Polls Explained – Digby's Hullabaloo

A reader friend by the name of Sean Kelly, a scientist, seeing me flail about trying to deal with polling, offered this explanation and agreed to let me share it with you in case you are feeling the same way. It cleared a few things up for me:

So. Political polling. It is basically experts making data informed guesses, and the reported margins of error are pretty much meaningless in context. Experts making informed guesses are a useful thing, and the best realistic option, but poll results are not scientifically rigorous things. Let me explain some of that context.

The reality of political polling usually involves people that answer their phone when the call is from an unknown number. That skews the sample to older people, as many people avoid scammers and random sales people by not answering calls by unknown numbers. Older people grew up in a society where avoiding callers was impolite, so are more likely to pick up – not certain, but more likely.

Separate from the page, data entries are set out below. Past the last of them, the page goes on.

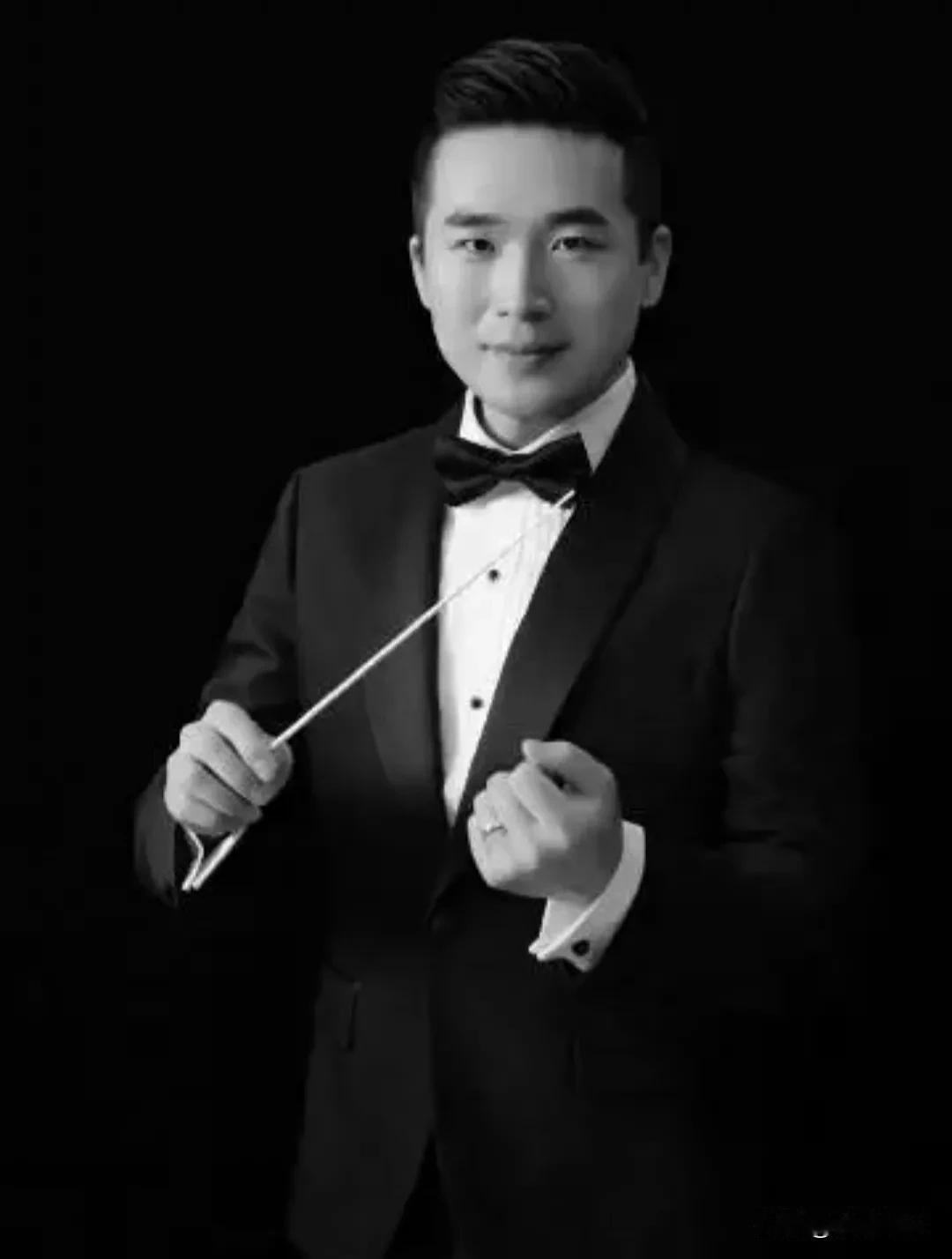 35岁指挥家李梳曈在美离世：刚排完春节音乐会，却在路边换胎时遭遇不幸…


咱们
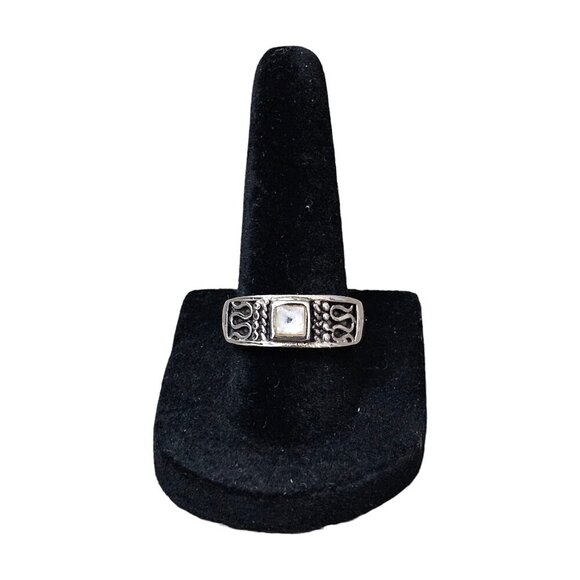 Vintage Silver Tone White Calcite Inlay Art Deco Etched Ring - Picture 7 of 7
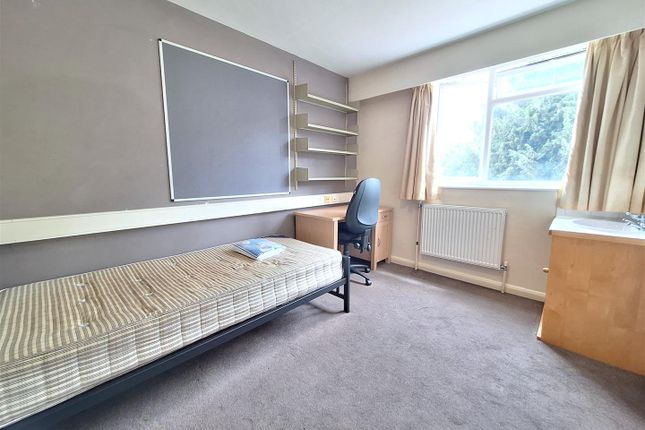 Room 16, Martindale Court, Reading photo 2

Alternatively, a small army of people can buttonhole people on the street, but that skews the poll to shoppers or business people that are out on the street. Other polls might try a combination of sampling techniques in a quest to be more representative, but they all have their strengths and weaknesses.

This problem gets wrapped under the heading ‘representative sample’. The hard math pollsters imply they use by using statistics form and jargon gets reduced to guesswork, with the fudges each pollster applies to their data to make the data conform to that pollsters view of what a representative sample should look like.

Pollsters fudge their sample by ‘correcting’ the results to the population proportions. If the poll includes half the ratio of the young people the population contains, each young persons choice is weighted twice as much. In the last presidential election, young people voted at a lower rate than older people, so a factor is applied to represent that lower likelihood of voting. This is not a slight on pollsters, as, if properly executed, these fudges improve the results, and history shows it’s better than not correcting it.

A weakness is that many pollsters derive those corrections from past polls – comparing the past polls to the actual election results in the same period, and adjusting for changing demographics.

Older people in past elections were significantly more likely to vote than younger people, but there are reasons to suspect that margin may shrink this election. Particularly with young women, who have obvious concern over healthcare driven by the abortion bans in many states.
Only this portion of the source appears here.